Others agreed that the best way to avoid another disastrous transmission surge is to get ready for it — but they’re not convinced we’re doing that effectively: “I’m fearful that the country wants to be done with Covid-19 — and thus, many of the things that we need to do to prepare for the next wave are not being done,” said Shah. He would like to see broader use of wastewater testing as an early warning system, and assurance that our rapid test and PPE supply chains are robust and responsive to transmission surges.
Ranney agreed that improving preparedness was critical to ensuring the worst is behind us, and that ensuring good systems for early outbreak detection are key. Improving global and local vaccination rates, developing and scaling up access to Covid-19 treatments, and getting community buy-in around preventive measures are also important, she said.
We always have to ask: The worst may be over, but for whom?
When we asked experts “is the worst over?” some responded with a question of their own: “For whom?”
Even as the peak of the pandemic crisis fades into the rearview mirror for some, others — generally those already marginalized by poor access to healthcare and other vulnerabilities — will still be living with its worst effects.
“The pandemic being mostly over for me might not mean that it’s over for somebody else,” said Debbink. She worries that declaring the worst is over “kind of allows people to disregard those who are still at great risk.” That includes immunocompromised people and those living in parts of the world with limited vaccine access. “There are millions and millions of people that don’t even have access to a vaccine yet,” she said — and the worst might still be to come for them.

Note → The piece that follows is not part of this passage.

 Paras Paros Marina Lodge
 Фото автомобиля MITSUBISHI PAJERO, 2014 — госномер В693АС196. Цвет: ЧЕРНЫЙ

Plus, she said, we don’t really know the long-term toll that long Covid symptoms will continue to take on people. “With each person that gets infected, you still have this huge group of people that may suffer long-term impacts,” she said. For them, the worst might not be over, but just beginning. “At this point, we have no idea if long Covid symptoms are going to be permanent.”
The global view is particularly sobering. The US has high levels of infections and vaccinations, but “are probably yet to see their most damaging waves, or would require ongoing harsh restrictions” to delay surges of transmission, Dr. Adam Kucharski, an infectious disease epidemiologist at the London School of Hygiene & Tropical Medicine, wrote in an email.
The SARS-CoV-2 virus will likely cause human disease well into the future, and in that sense, it may yet do more damage than it has already done. But because those effects will be distributed over a longer period of time, we may not perceive them to be as severe as the waves of hospitalization and death we have experienced over the past two years. “I think we’re going to be living with it for a very, very long time — so in that sense, the worst isn’t behind us,” Cobey said.
We may never get a definite answer for when this is all over
The worst of the pandemic is probably behind us in the US. But the virus is still infecting, hospitalizing, and killing people. How much longer that will continue has to do with variables that are hard to predict right now: the duration of immunity over the course of years, and risks even further afield, like the chances of a new variant emerging from wildlife like deer.
Because sanguine pandemic predictions have so often been proved terribly wrong, few of our experts were willing to forecast sunny skies without qualification. “Historically, though, we know that all pandemics eventually end, and this one will as well,” said Dr. J. Alexander Navarro, assistant director of the Center for the History of Medicine at the University of Michigan. “That day is likely sooner rather than later, but we will have to see what the future has in store for us.”
And we may not even recognize the end of the pandemic as we pass it. Instead, it may require some historical distance before we can look back and find a point that may have been an exit. “There will not be a particular day or week or month when we wake up and say ‘I’m sure glad that’s over,’” said Dr. Maureen Miller, a medical anthropologist at Columbia University. “Even the pandemic end date, like everything else Covid-19, will likely be the subject of heated debate.”